#### [DATASET RECORDS]
● ● ● ● ● ● ●

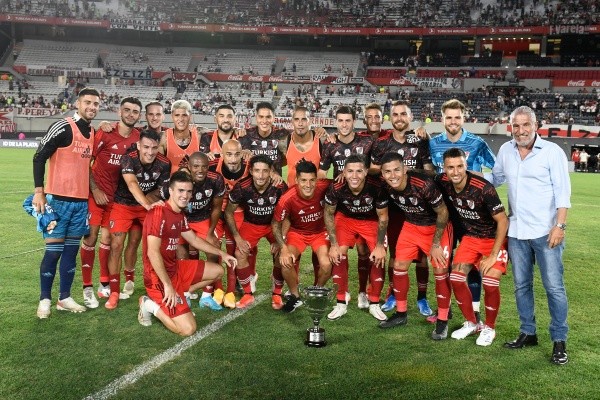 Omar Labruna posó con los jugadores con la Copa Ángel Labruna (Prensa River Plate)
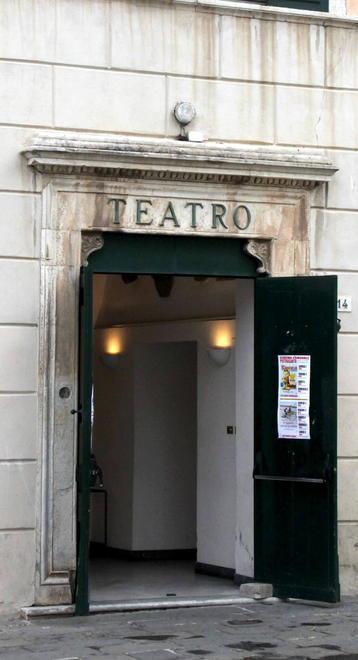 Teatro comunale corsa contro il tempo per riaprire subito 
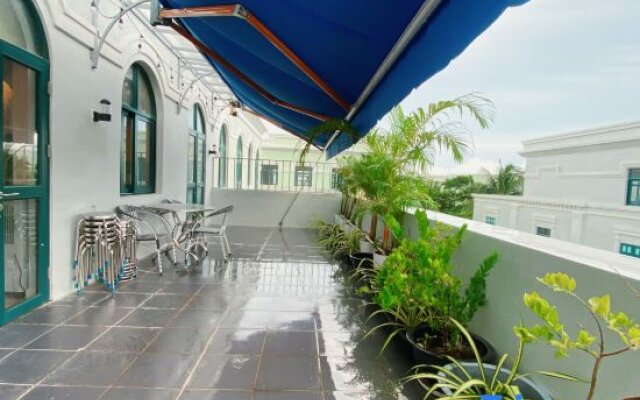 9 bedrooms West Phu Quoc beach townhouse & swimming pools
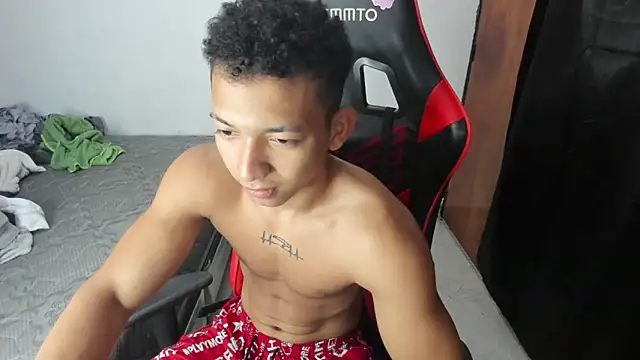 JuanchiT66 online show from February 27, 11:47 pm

● ● ● ● ● ● ●

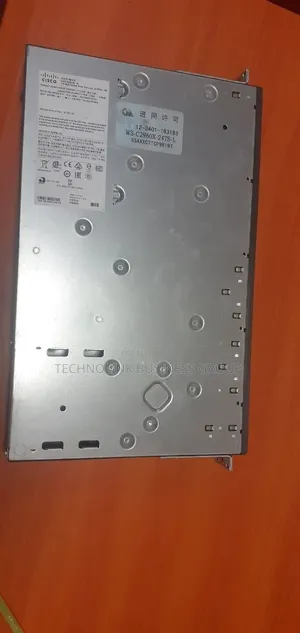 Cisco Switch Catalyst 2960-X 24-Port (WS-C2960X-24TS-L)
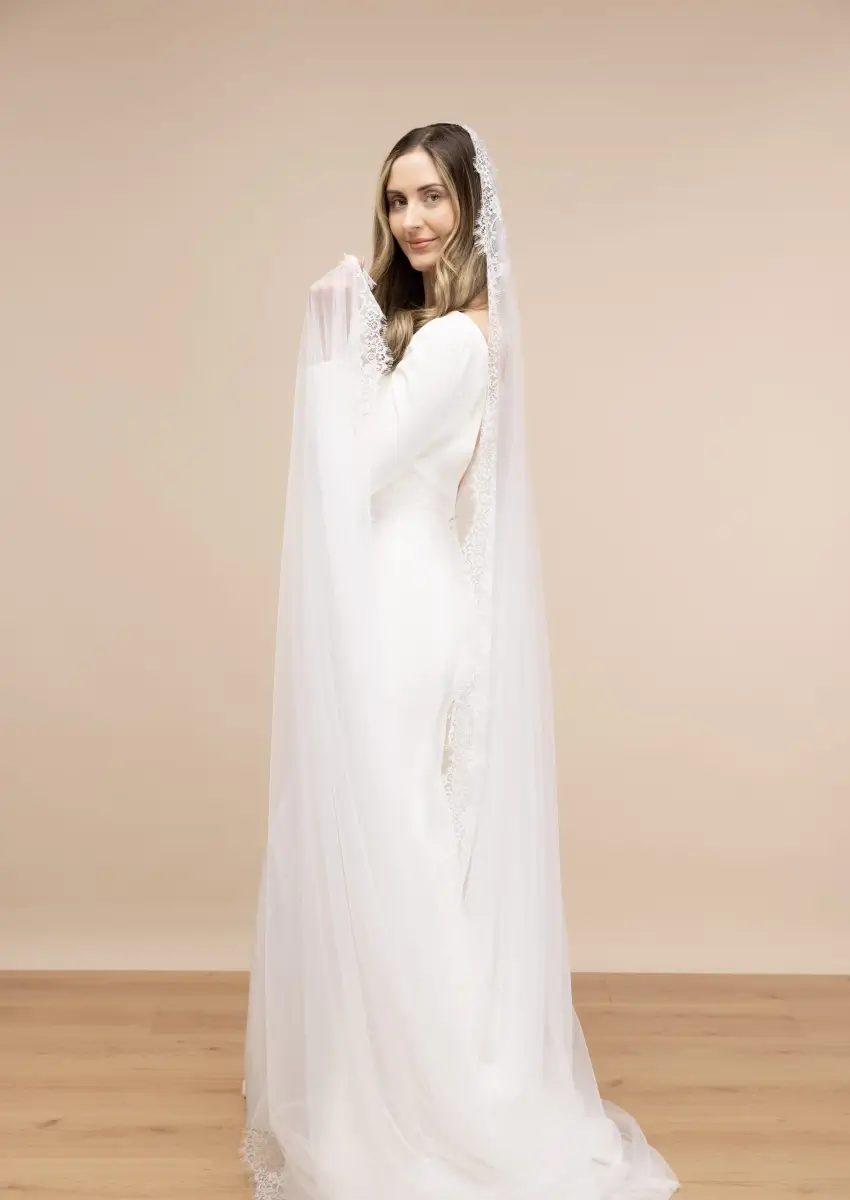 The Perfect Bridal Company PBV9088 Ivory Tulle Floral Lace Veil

● ● ● ● ● ● ●

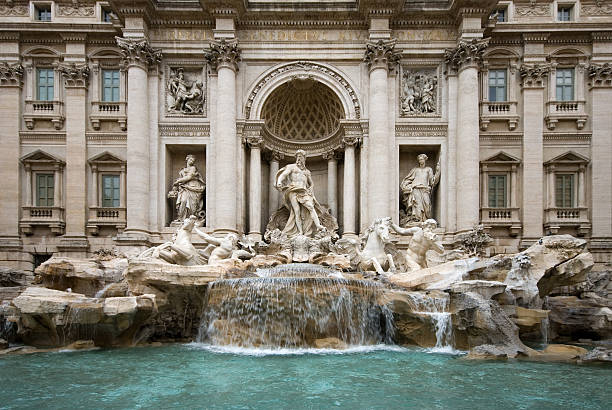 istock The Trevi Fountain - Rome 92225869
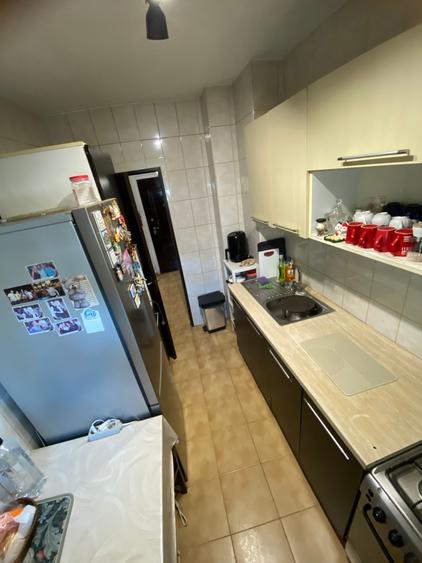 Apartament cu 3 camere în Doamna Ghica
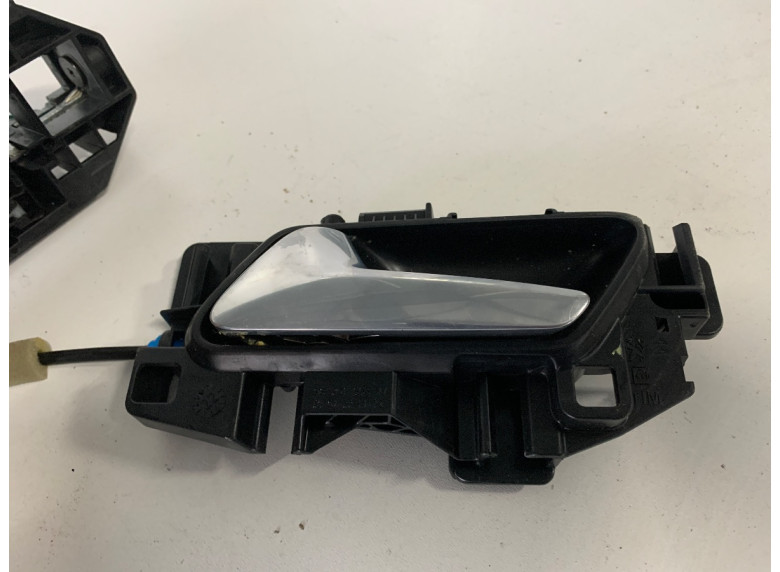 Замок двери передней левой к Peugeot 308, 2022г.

● ● ● ● ● ● ●

#### [REQUIRED WORK]
Copy only this from above: the line containing "Apartament cu 3 camere în Doamna Ghica", the line containing "Замок двери передней", and all lines between, printed exactly. Leave out the pictures.

#### [RESULT OF THE TASK]
 Apartament cu 3 camere în Doamna Ghica
 Замок двери передней левой к Peugeot 308, 2022г.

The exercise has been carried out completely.